→ Data provided
^^^^
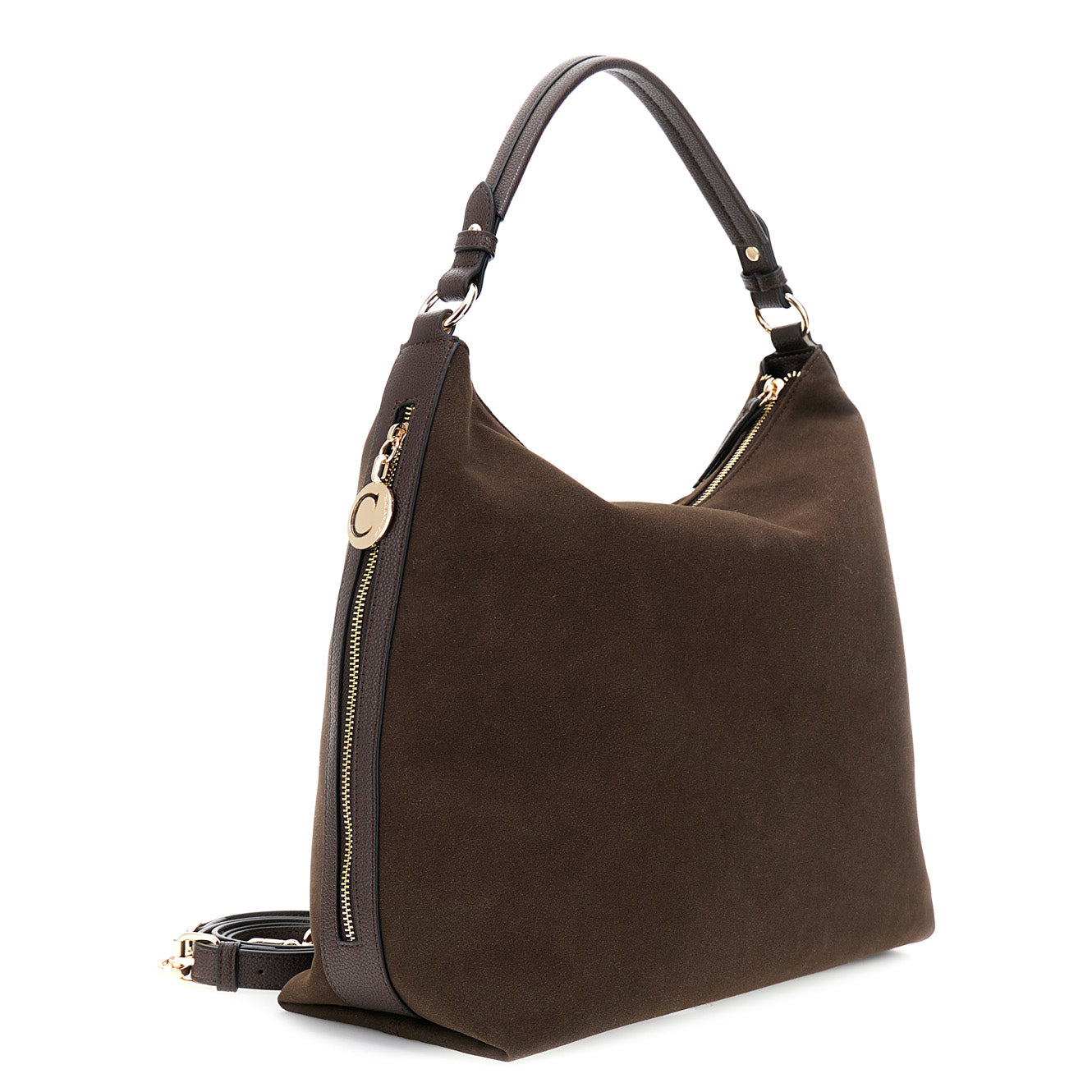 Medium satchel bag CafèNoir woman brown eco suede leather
^^^^
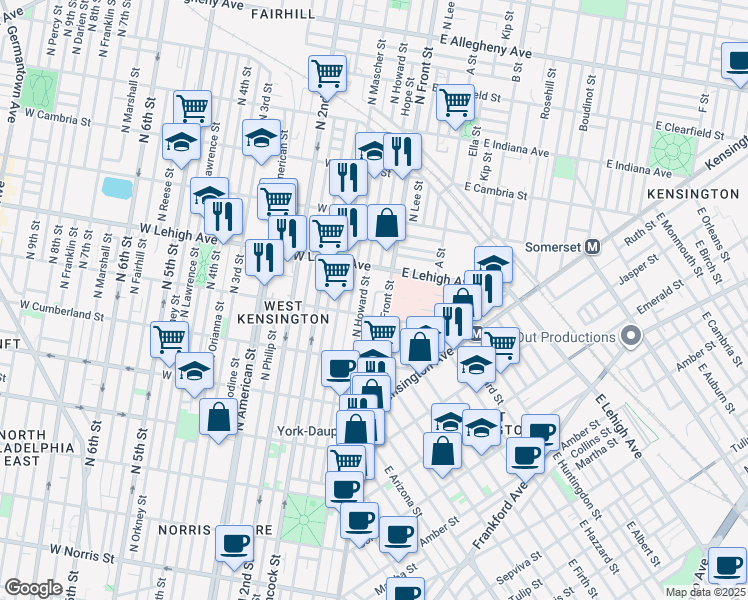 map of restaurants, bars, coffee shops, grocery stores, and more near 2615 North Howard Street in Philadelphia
^^^^
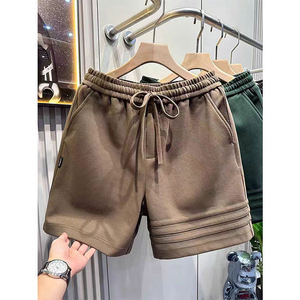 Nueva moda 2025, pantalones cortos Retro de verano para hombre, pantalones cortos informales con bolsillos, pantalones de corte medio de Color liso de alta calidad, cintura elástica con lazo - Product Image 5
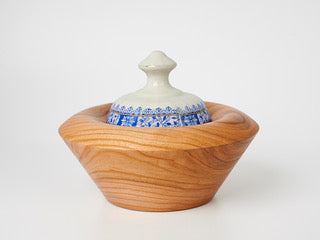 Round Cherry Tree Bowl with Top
^^^^
→ The task
Beginning with the line above that contains "Nueva moda 2025, pantalones" and finishing with the line that contains "Round Cherry Tree Bowl with Top", print those lines exactly and only. Skip all pictures.

→ Answer box
 Nueva moda 2025, pantalones cortos Retro de verano para hombre, pantalones cortos informales con bolsillos, pantalones de corte medio de Color liso de alta calidad, cintura elástica con lazo - Product Image 5
 Round Cherry Tree Bowl with Top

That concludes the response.